== What the task requires ==
Type out the lines below exactly, from the first through the line holding "梁锦英王嘉红草书个性签名怎么写", and include no pictures.

== Dataset ==
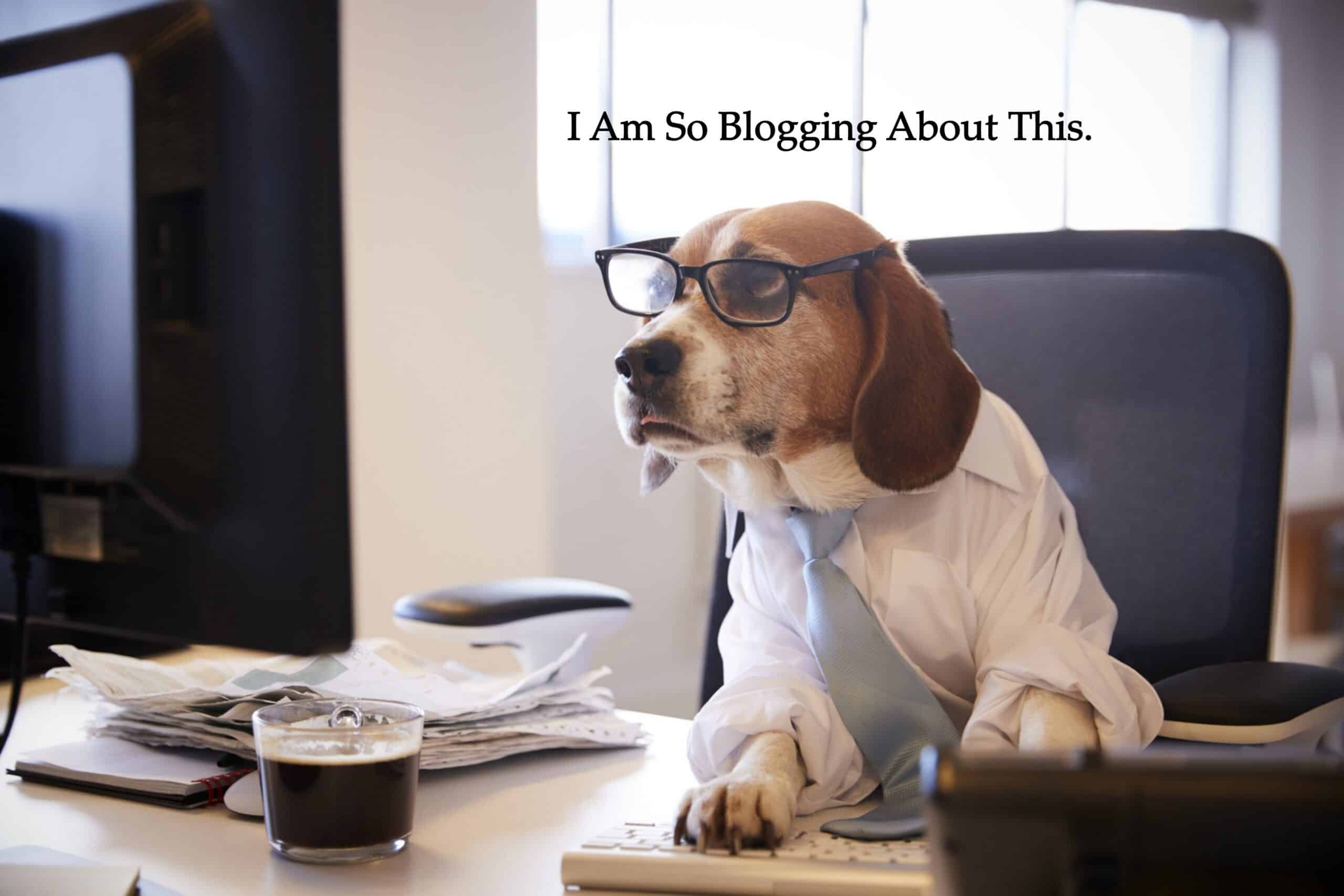 blogging blog scaled scaled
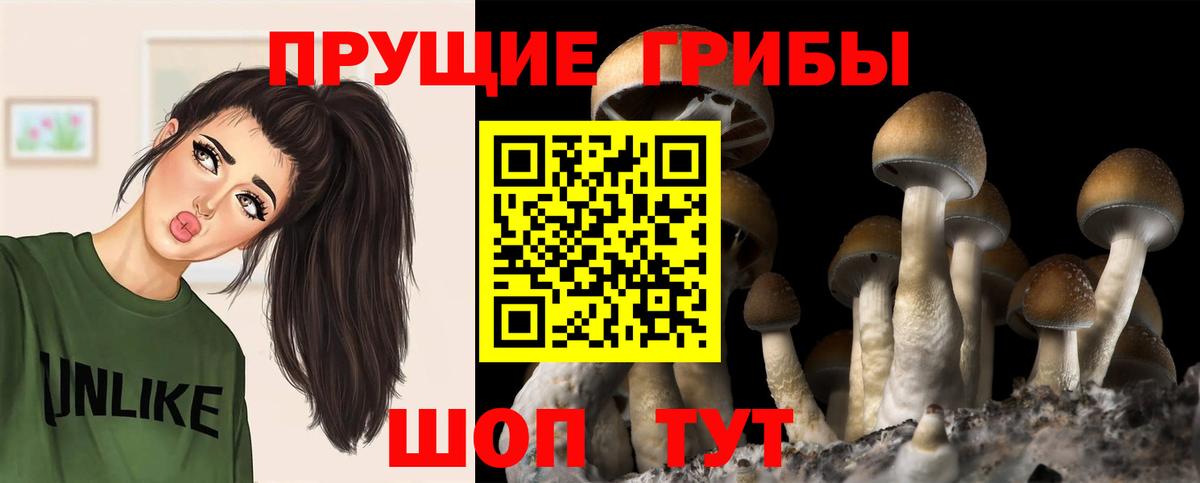 Челябинск  Галлюциногенные грибы Magic Shrooms  даркнет сайт  Вход с VPN 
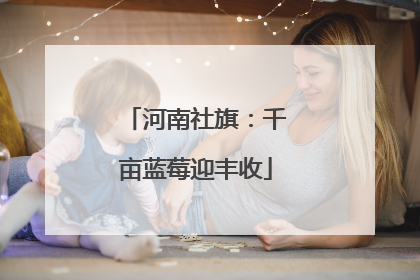 河南社旗：千亩蓝莓迎丰收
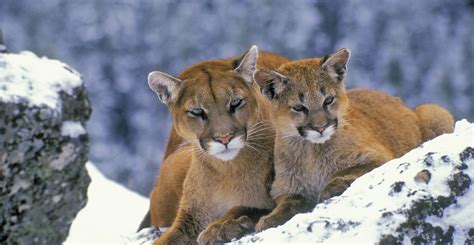 Mountain Lion Wallpapers Top Free Mountain Lion Backgrounds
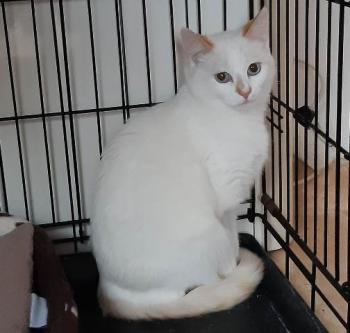 Perla Bild von Perla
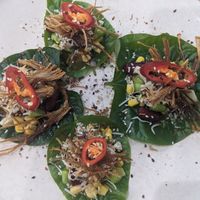  at Vega in Spring Hill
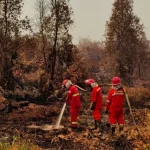 Petugas menangani kebakaran hutan dan lahan di Kalimantan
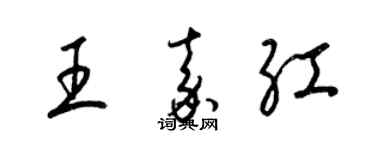 梁锦英王嘉红草书个性签名怎么写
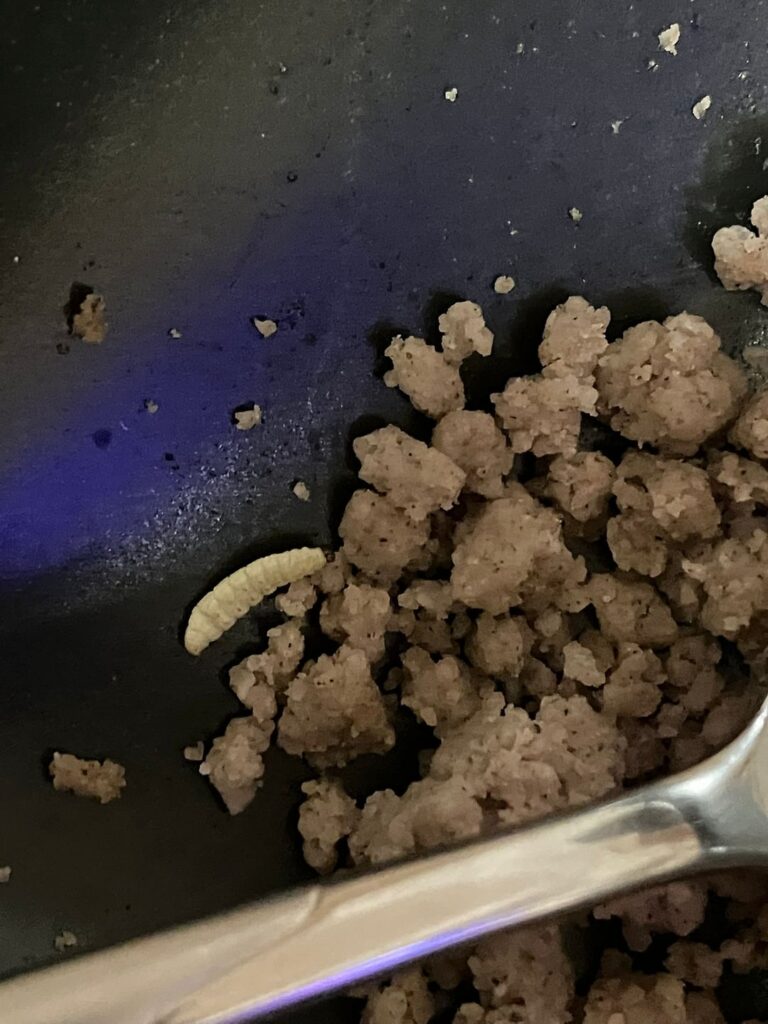 Insects in buckwheat flour from Mercator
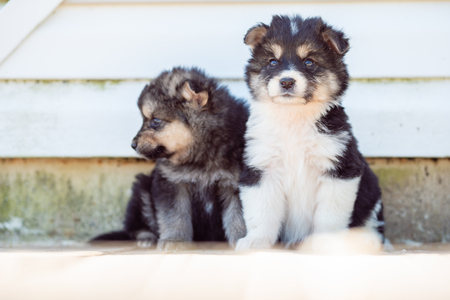 Image of two puppies sitting by white wall on street in afternoonの写真素材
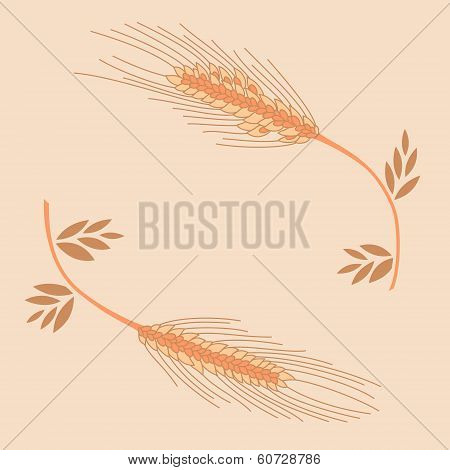 Spica vector illustration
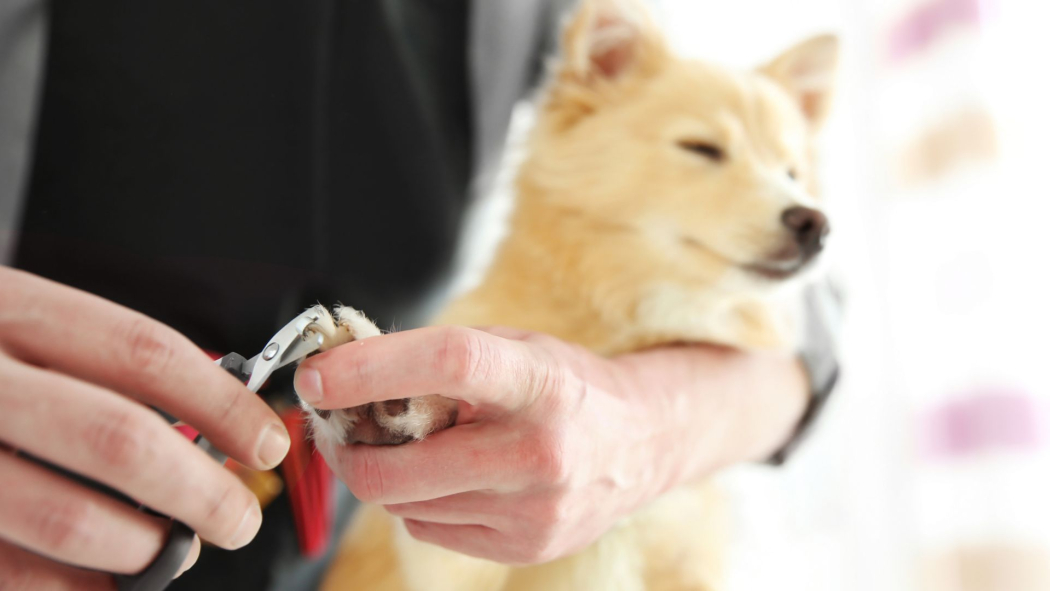 Nail Trimming for Dogs - Lomsnes Veterinary Hospital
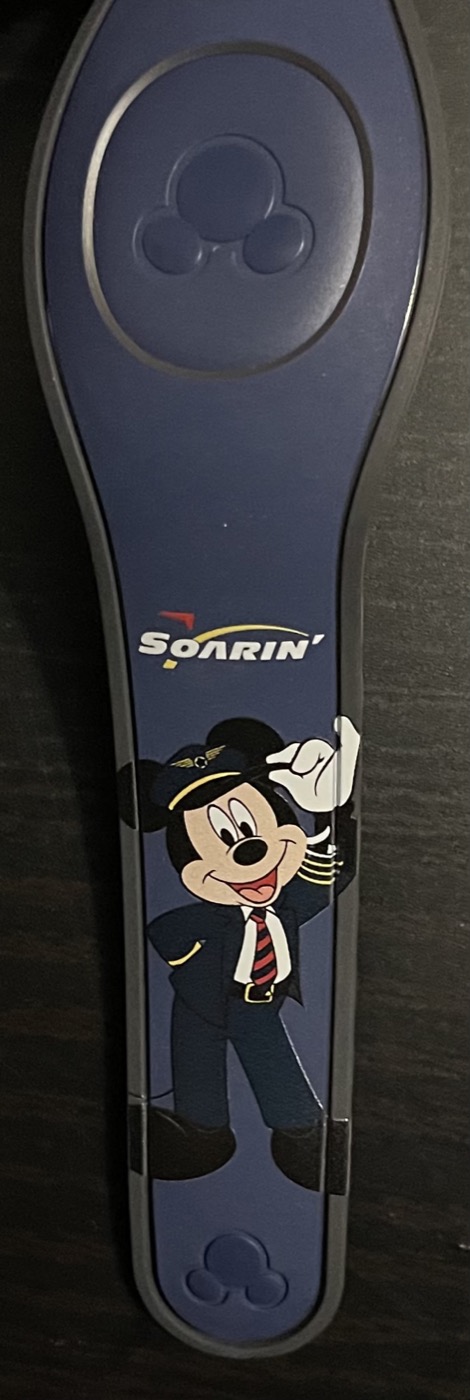 Soarin’ view 3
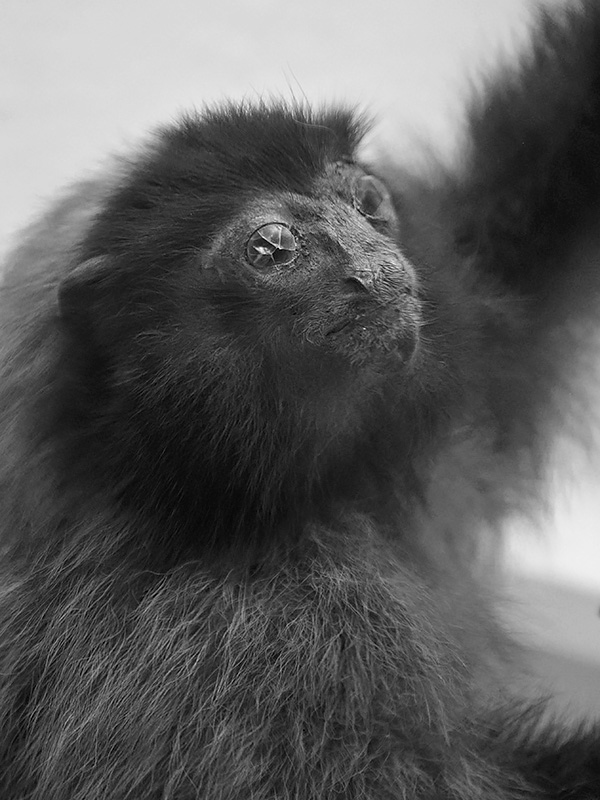 la specola 8-2017 1477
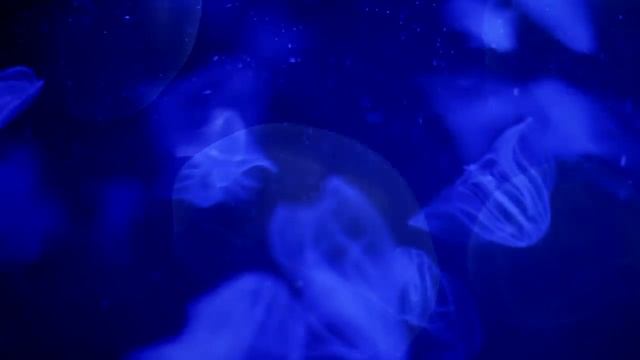 Музыка для сна смотреть онлайн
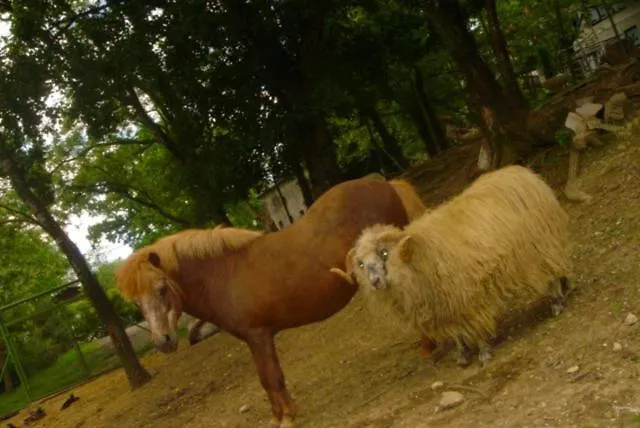 Guest House Šterk Nova Gorica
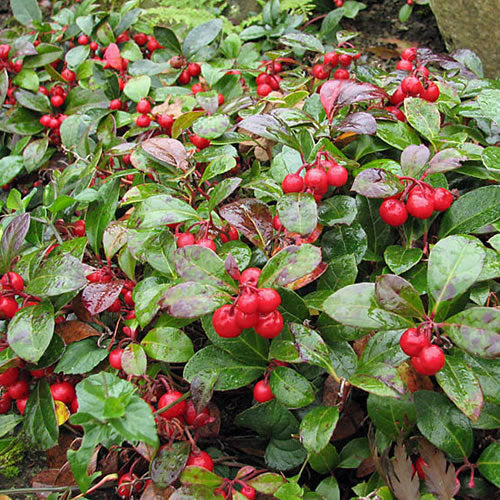 Gaultheria procumbens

== Output ==
 blogging blog scaled scaled
 Челябинск  Галлюциногенные грибы Magic Shrooms  даркнет сайт  Вход с VPN 
 河南社旗：千亩蓝莓迎丰收
 Mountain Lion Wallpapers Top Free Mountain Lion Backgrounds
 Perla Bild von Perla
  at Vega in Spring Hill
 Petugas menangani kebakaran hutan dan lahan di Kalimantan
 梁锦英王嘉红草书个性签名怎么写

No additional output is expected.